#### Task to carry out:
Here are some records; copy every line that holds the word "album".
*** Opening Material for this task ***
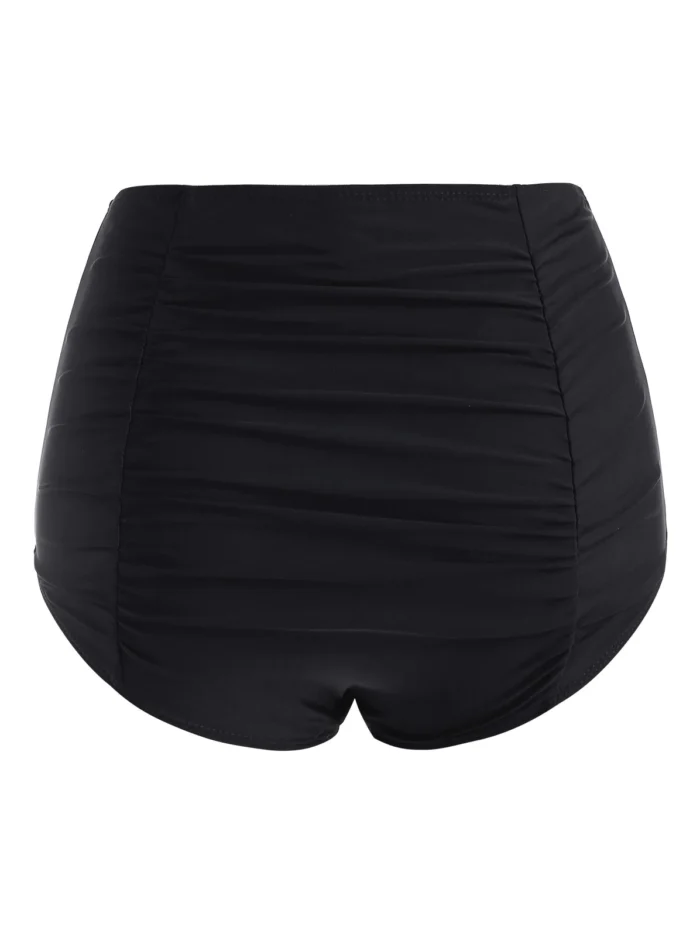 20200522171729_5ec798a980b75-1 20200522171729_5ec798a980b75-1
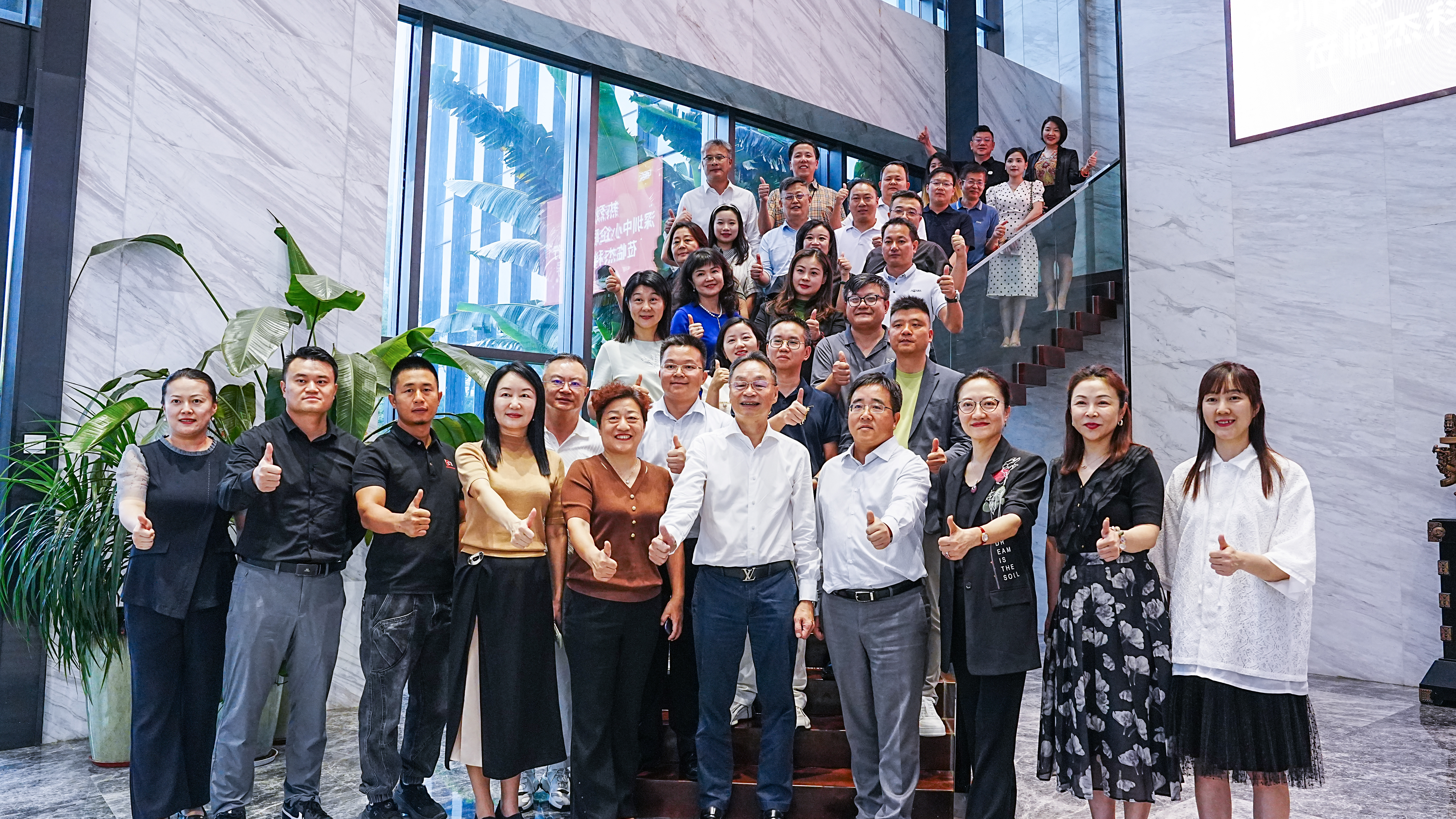 云顶pg官网入口登录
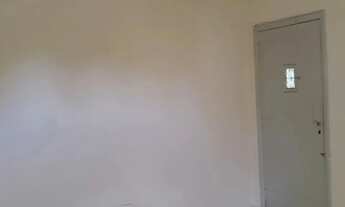 Imagem: Imóvel modernizado com 2 quartos no Méier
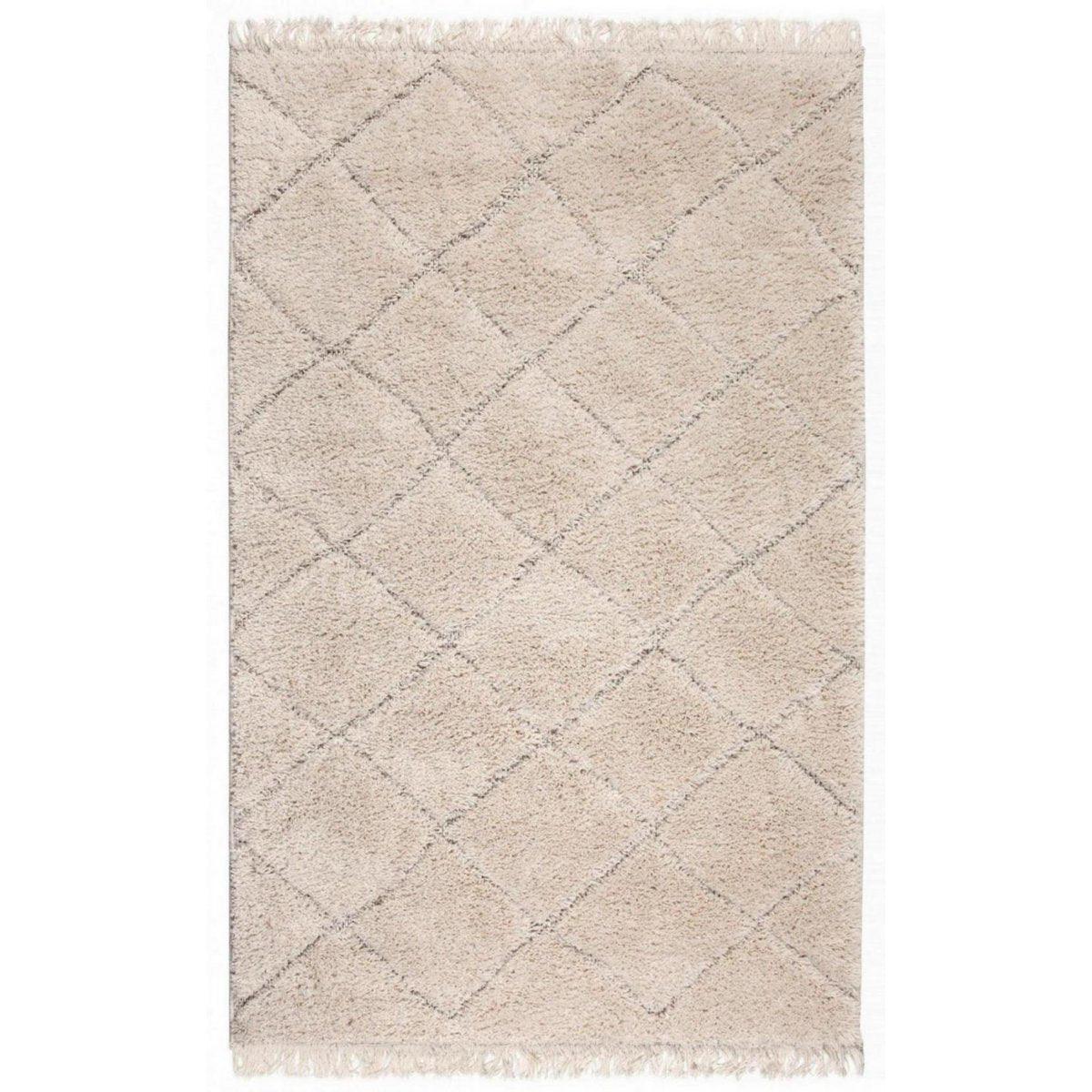 Berry 2 Schneedecke 200 x 290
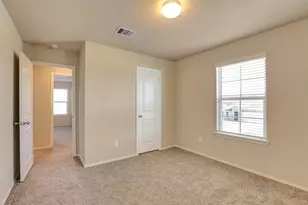 13845 Rock Island Trl, Conroe, TX 77384 - Photo 32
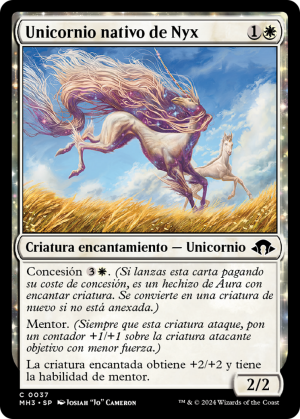 83ba3990-4f59-4b30-aa10-a277744e426d Nyxborn Unicorn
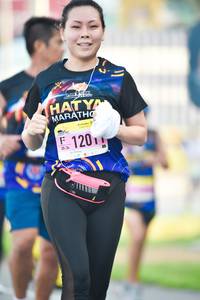 BIB: 
                            <button type="button" onclick="openModal(3803853)" class="btn btn-primary btn-sm float-right btn-popup" data-toggle="modal" data-target=".modal-high-quality">
                        <i class="fas fa-shopping-cart"></i> Add to Cart
                    </button>
                                            <button type="button" onclick="isThisMe(3803853, true)" class="btn btn-success btn-sm float-right btn-popup btn-isme hidden" data-toggle="tooltip" data-placement="bottom" title="นี่คือรูปของคุณใช่ไหม คลิกที่นี่เพื่อเอาเข้าอัลบั้ม">
                        <i class="fas fa-plus"></i> Add to album
                    </button>
                    <button type="button" onclick="isThisMe(3803853, false)" class="btn btn-warning btn-sm float-right btn-popup btn-isnotme hidden">
                        <i class="fas fa-ban"></i> Remove from album
                    </button>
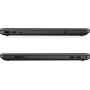 Ноутбук HP 255 G9 (9M3F5AT) Dark Ash Silver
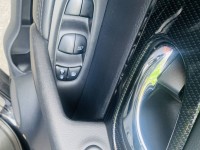Nissan  X-Trail ???? 【熱門家庭休旅釋出】 ✨ 2022年 Nissan X-Trail 2.0 智行版 ✨ | 新北市汽車商業同業公會｜TACA優良車商聯盟｜中古、二手車買車賣車公會認證保固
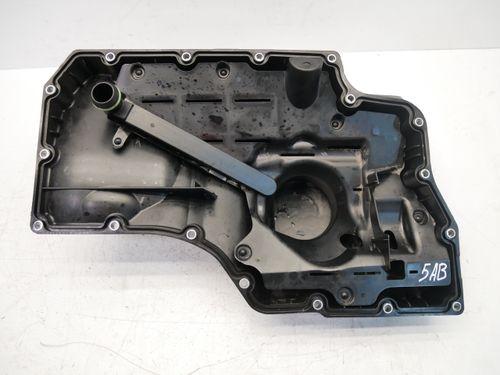 Carter d'huile pour Audi Q5 FYB FYT 2,0 TFSI DPUA DPU 06L103598S
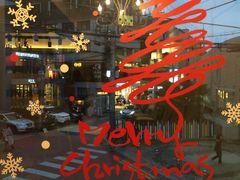 -Cafe de Paris(林荫路店)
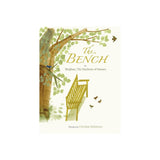 Puffin The Bench ” Children's Book For Kids | Pictures Books - My Little Thieves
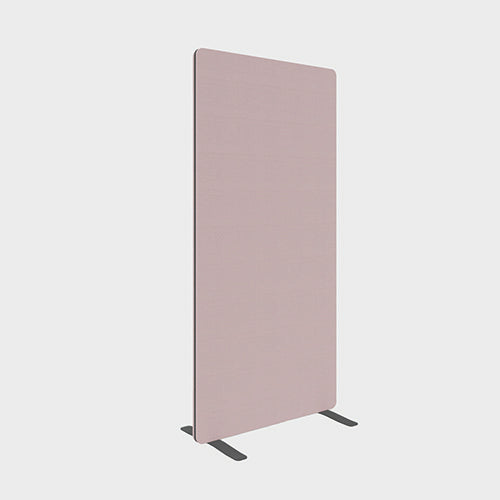 M-acoustic Screen - room dividers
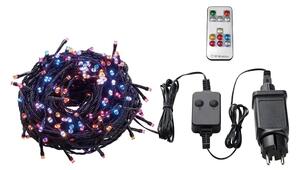 MAR 705337 Choice LED řetěz multicolor - Markslöjd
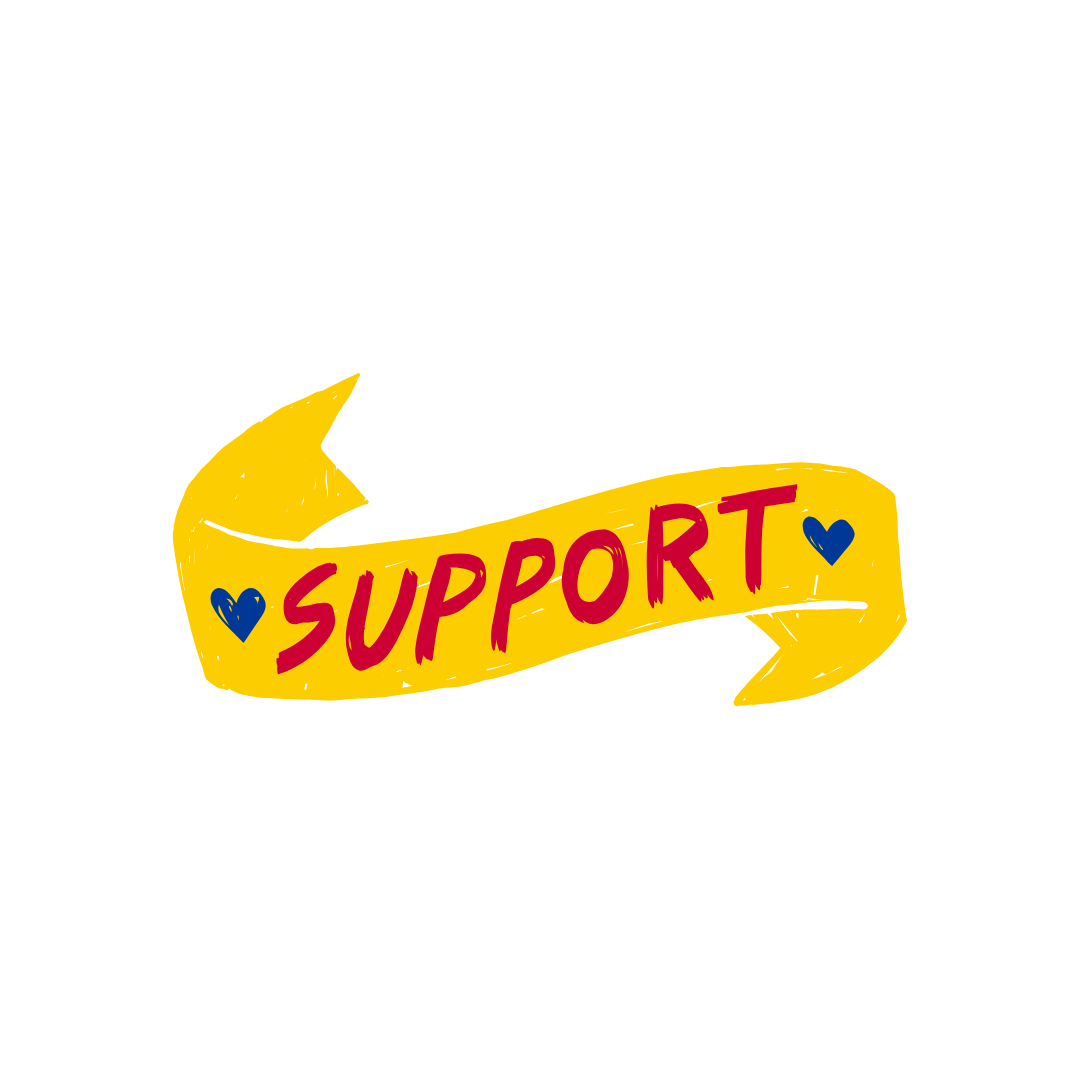Mentorship & Support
*** Closing Material for this task ***
#### Response:
                        <i class="fas fa-plus"></i> Add to album
                        <i class="fas fa-ban"></i> Remove from album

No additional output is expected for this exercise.